'Boris Johnson can't come back from this, can he?'

Bernard Ponsonby asks if the publication of the partygate report means Johnson's reputation has been tarnished for good.

Bernard Ponsonby asks if Boris Johnson can restore his reputation following damning partygate report Getty Images

The first thought on skim reading the Partygate report into Boris Johnson was to reach for my Thesaurus.  

Somehow wow and gobsmacked seemed inadequate for the most excoriating Parliamentary report ever written about a British prime minister. 

In the long indictment listing his character flaws and personality traits, this report screams loudest and adds toe curling observations to a long history charting Johnson’s casual relationship with the truth. 

He has been damned by opponents over the years, but they would, wouldn’t they?  

He has been damned by some Tory grandees, but they could have scores to settle, couldn’t they?  

He has been damned too by those who worked with him, everyone from Sir Max Hastings to Dominic Cummings. But could their motivations be rooted in base personal enmity? 

Boris Johnson has always relied on the force of personality to distract and bury charges made against him. 

Bojo the clown could laugh his way out of trouble with a ruffle of his unkempt hair or a guffaw shot from the pit of his belly.  

When in the cross hairs of trouble, the entertainer was never too far away, hoping that a performance better suited to the stage than the despatch box would lead the great British public to chortle rather than judge. 

His Trumpian resignation from the House of Commons late last week signalled that the report was going to be bad. 

He thundered about a kangaroo court, presided over by hypocrites who had it in for him.  

He denied the charges, attacked his accusers and created a diversionary story by resigning his seat in what was clearly a move to undermine the current Prime Minister. 

And just to prove the point that revenge is a dish best served in threes, two of his supporters signalled that they too would resign to create a triple by election headache for Rishi Sunak. 

Nadine Dorries was one of those who would resign with immediate effect.
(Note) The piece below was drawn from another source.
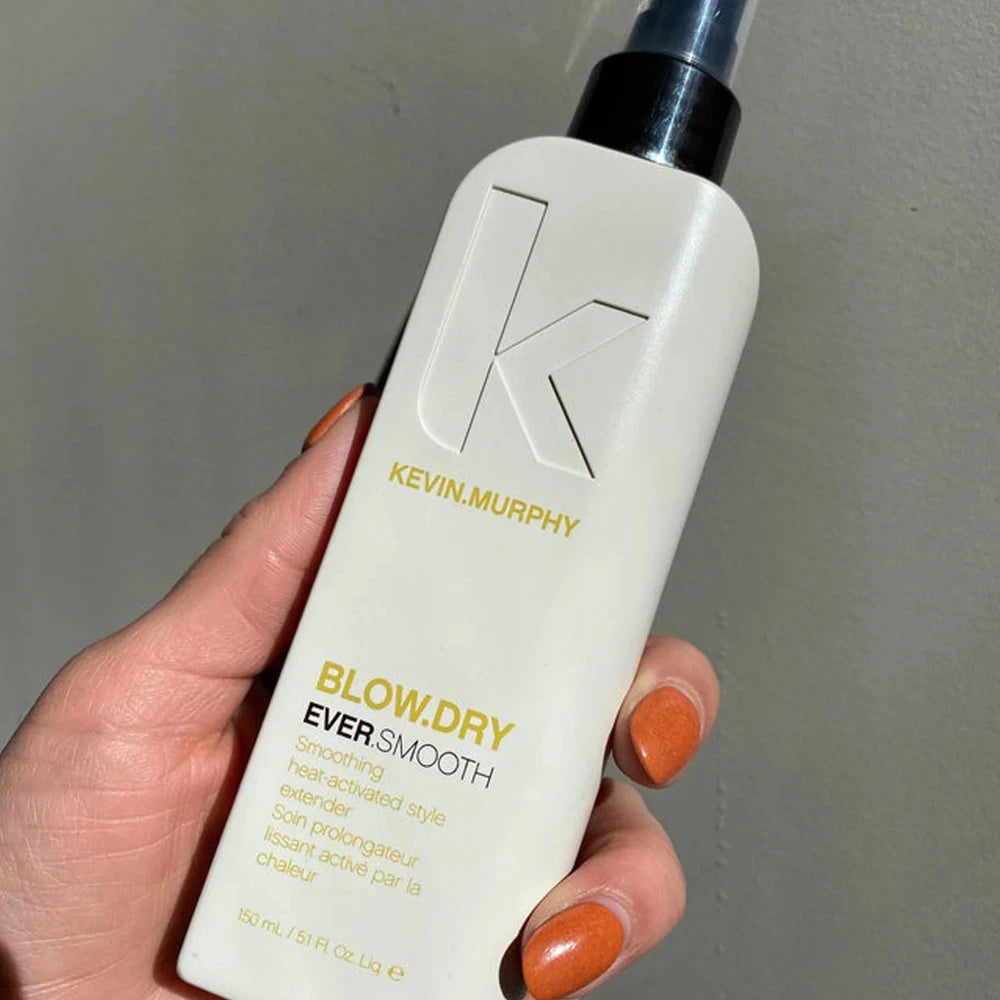 KEVIN.MURPHY EVER.SMOOTH | Blow-dry primer voor langdurige föhn & glans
It now transpires she doesn’t know what immediate actually means, so she will hang around to ensure that three by-elections are held on two different days, all meant to compound the Prime Minister’s agony. 

But back to the report. 

Johnson argued that the report was a charade that twisted the truth. It should of course be noted that the majority of members of the Privileges Committee are Conservative MPs. 

He says these MPs conducted themselves in an anti-democratic way and adds for good measure that the report is ‘the final knife-thrust in a protracted political assassination that is beneath contempt’. 

His allies took to Twitter to condemn the report as ‘spiteful, vindictive and overreaching’. 

It is now a certainty that those on the Tory benches still loyal to the former Prime Minister will come to his defence and in the process make life as uncomfortable as possible for the current incumbent of number 10. 

All of this will further destabilise the government and buttress the chaos narrative which in part helps explain Labour’s large poll lead over the Conservatives. 

The issue at the heart of this report is really a rather simple one. Did he intentionally lie to Parliament about breaching lockdown rules? 

Now in his shifting defence to these charges, he has argued variously that he didn’t before admitting that he did but that the lies were not intentional. 

Johnson’s notorious bad grasp of detail has not served him well during this affair which is why the MPs had little difficulty in finding him to be a liar. 

The Committee found that he did deliberately misled the House of Commons over lockdown parties at Downing Street. They say that it would have recommended suspending him from the Commons for a period of 90 days. 

That sanction if agreed by the House could have triggered a by election, hence the decision of the former PM to resign rather than face the ignominy of being pushed. 

Two members of the Committee actually wanted to expel him from the House altogether in a move that would have led to an automatic by-election but that was voted down by the Conservative members of the Committee. 

So why has this report been quite so damning and why has the instinctive culture to ‘protect one’s own’ been ignored by the Tory MPs? 

The view has been taken that his behaviour in relation to the elected chamber of the British Parliament, the representatives of the people, is so bad that only a report written in such terms can send out a message that truth to Parliament is bigger than forgiving the transgressions of a Prime Minister. 

If MPs can’t make a stand for truth, what is the point of Parliament?  

If the holder of the office of Prime Minister is allowed to go unchecked in the matter of lying to Parliament, then why should anyone in the country have faith in the institution and those who serve in it? 

Conservative MPs have decided that the integrity of the democratic process is so fundamental to public confidence in the House of Commons that is well worth trashing what is left of Johnson’s reputation. 

This report will go down in the annals of Parliamentary history as the most critical of a Prime Minister by his peers. It is unlikely to be topped between now and the end of time. 

And for Johnson, so condemned by an avalanche of articles about his character and personality, this report stands tallest for it damns without qualification. 

Boris Johnson is a man who has defied political gravity before. Surely not even he can come back from this.